The Game Boy Colour debuted near what I consider to be the peak of the '90s, 1998. This is when true hallmarks of the decade like Pokemon and other such franchises washed upon western shores (we all know the west equals the entire world, remember). Like pretty much all electronics of the period, the Game Boy Colour came in several neonish paint jobs now considered to be eye-grating, with such lovely names as Kiwi, Midnight Blue, and Atomic Purple, the latter of which had your classic '90s see-through plastic. That see-through plastic dominated things like Playstation controllers (which we'll get into another day) and if you had it you were the coolest kid ever for being able to see the ~*circuit boards and parts*~ within your electronics. I had three different Game Boys because they got old/stolen: the yellow one, the green one, and the special gold/silver one with Pichu on it that came with Pokemon Gold.

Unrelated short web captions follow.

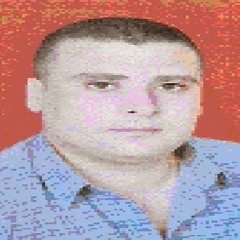 Amr Hassanin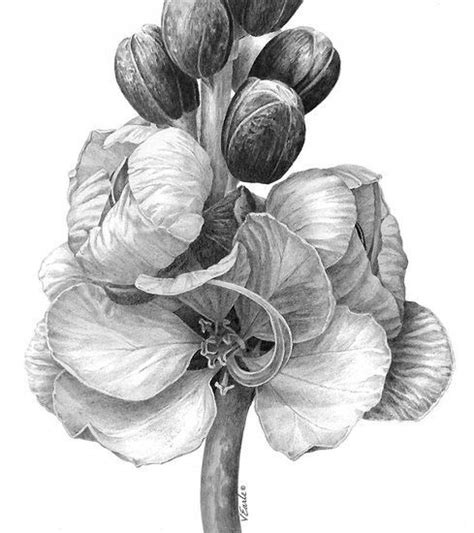 Pin By Maxie Jingles On Pencil Drawings Botanical Drawings Botanical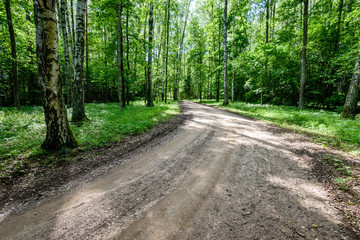 Fototapeta na wymiar gravel road in birch tree forest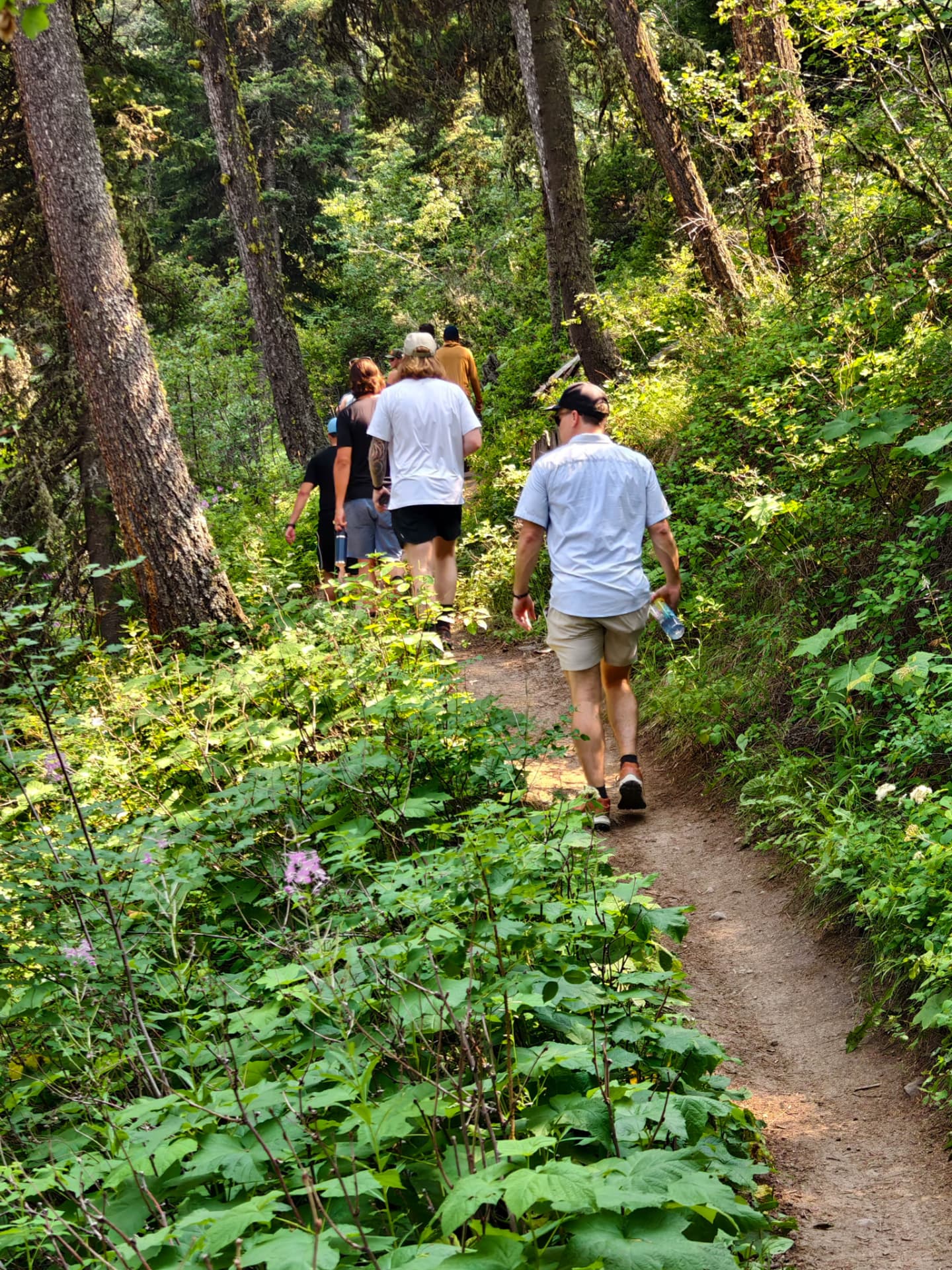 The Trailblazer Hike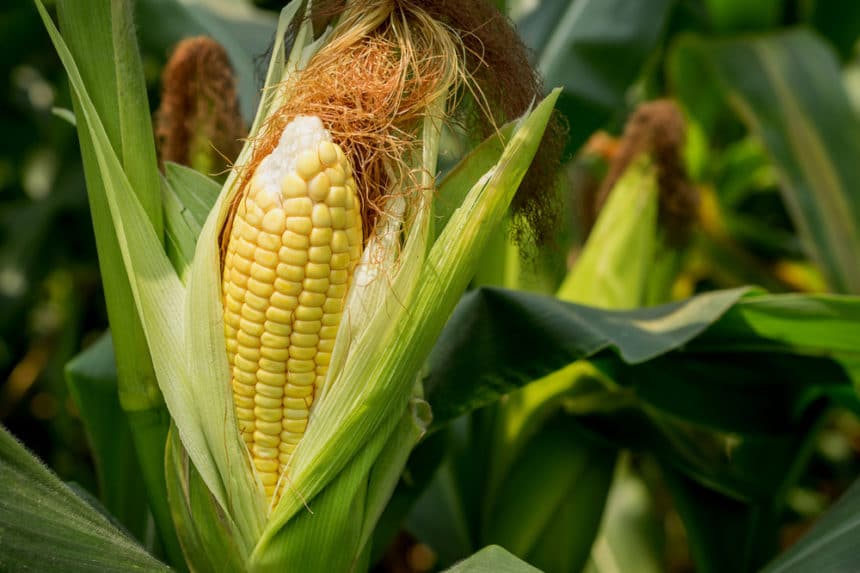 Transplanting Corn Top Tips For Success Transplanting Corn Top Tips For Success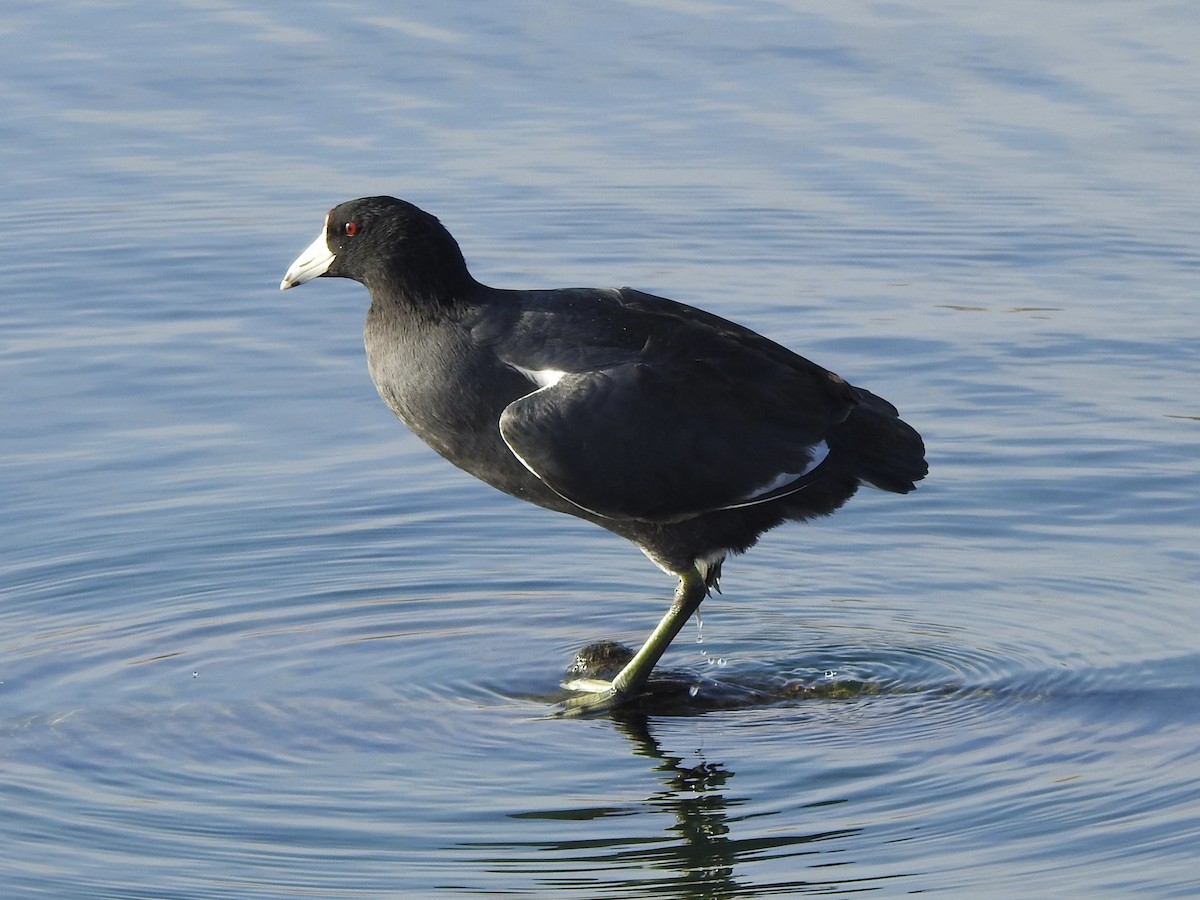 American Coot - ML628141968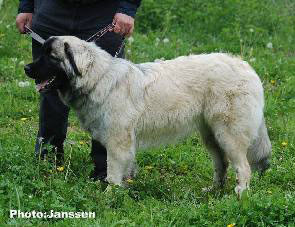 Hajdi 9,5 months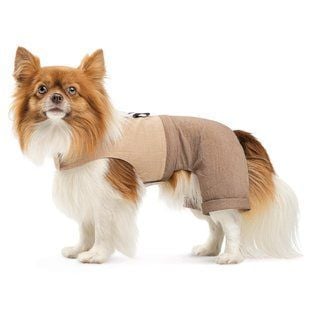 Pet Fashion Darcy шлея-костюм для собак XXS - masterzoo.ua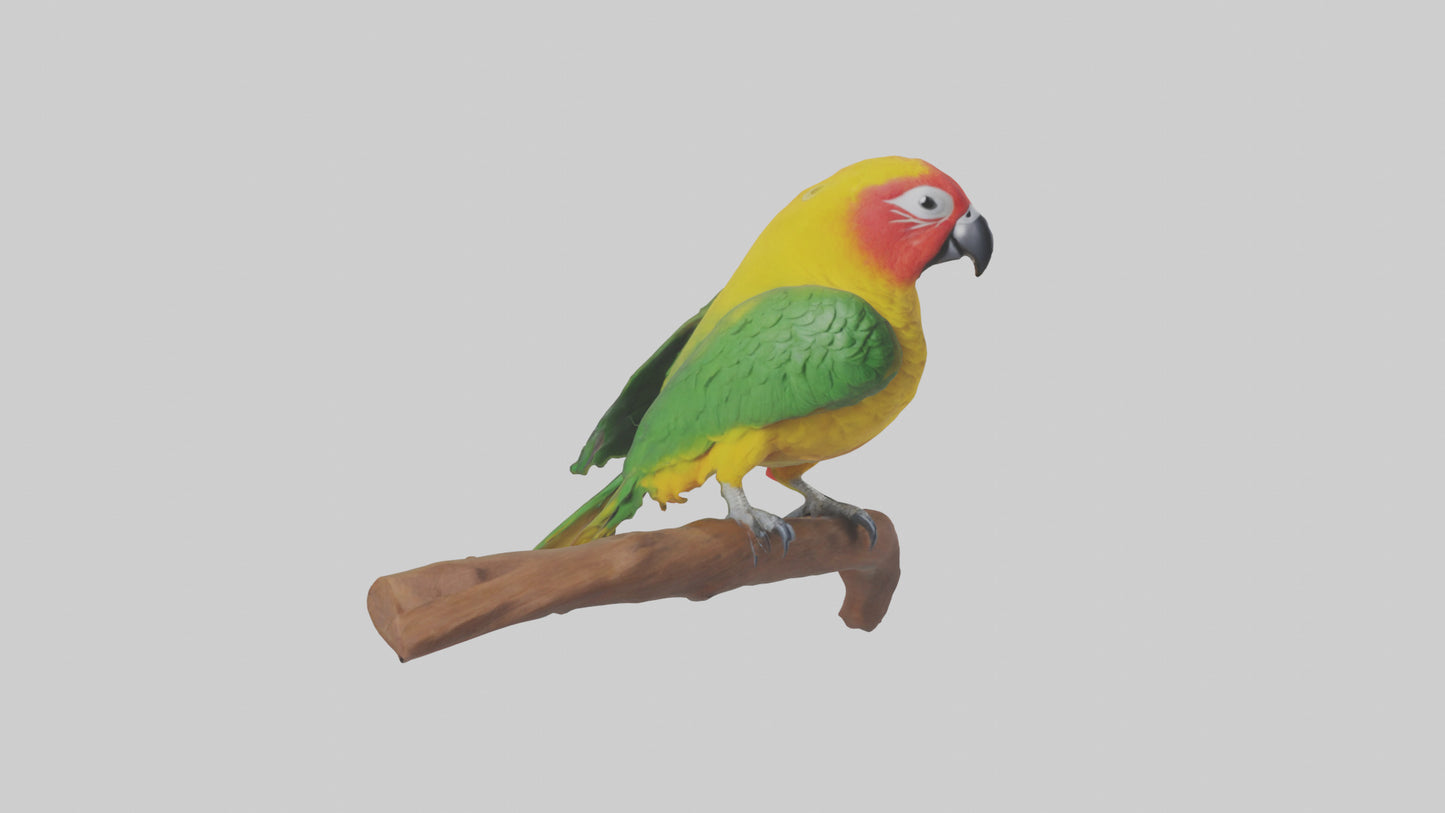 3D model Kea parrot perched model VR / AR / low-poly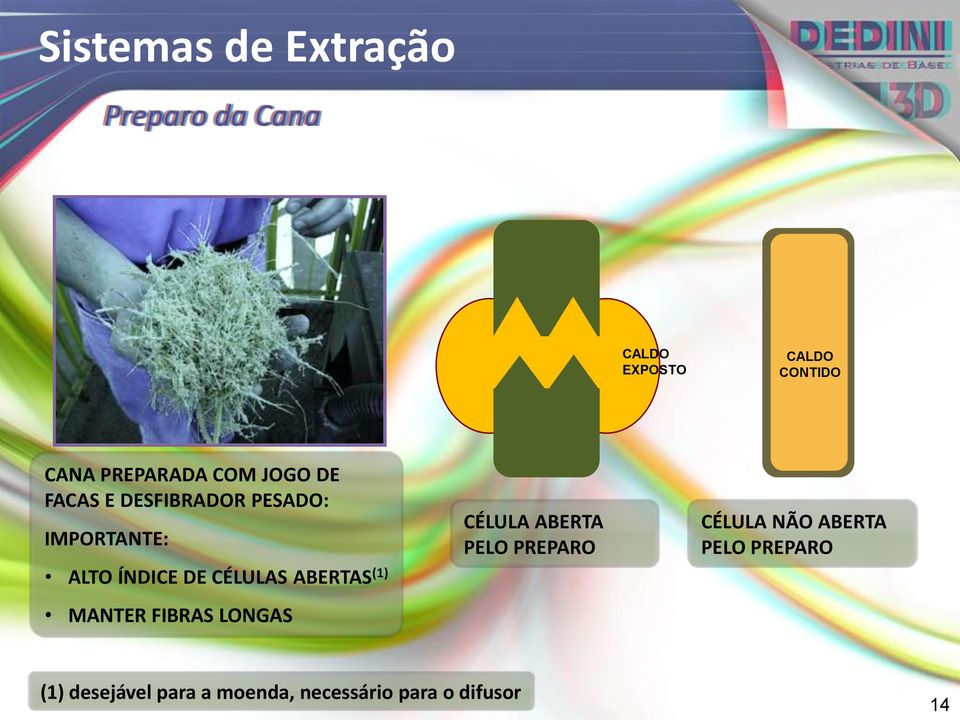 DE CÉLULAS ABERTAS (1) MANTER FIBRAS LONGAS CÉLULA ABERTA PELO PREPARO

Memorable games for the system of course included the Pokemon series, the worst of the Tony Hawk ports, the The Legend of Zelda Oracle games, and much much more. A cool trick was to put in a regular Game Boy game and move the D-Pad in conjunction with the A and B buttons to change the pallet of your older titles. I thin B-Up was inverted. We used to call it night time.


Though it was only three years before the Game Boy Advance would land, the Game Boy Colour had a lasting impression on many of our collective childhoods. It staved off bored, was a symbol of a new, rapidly changing electronic world, and provided countless hours of countless collecting and fighting our electronic animals. Truly one of the great titans of the 1990s.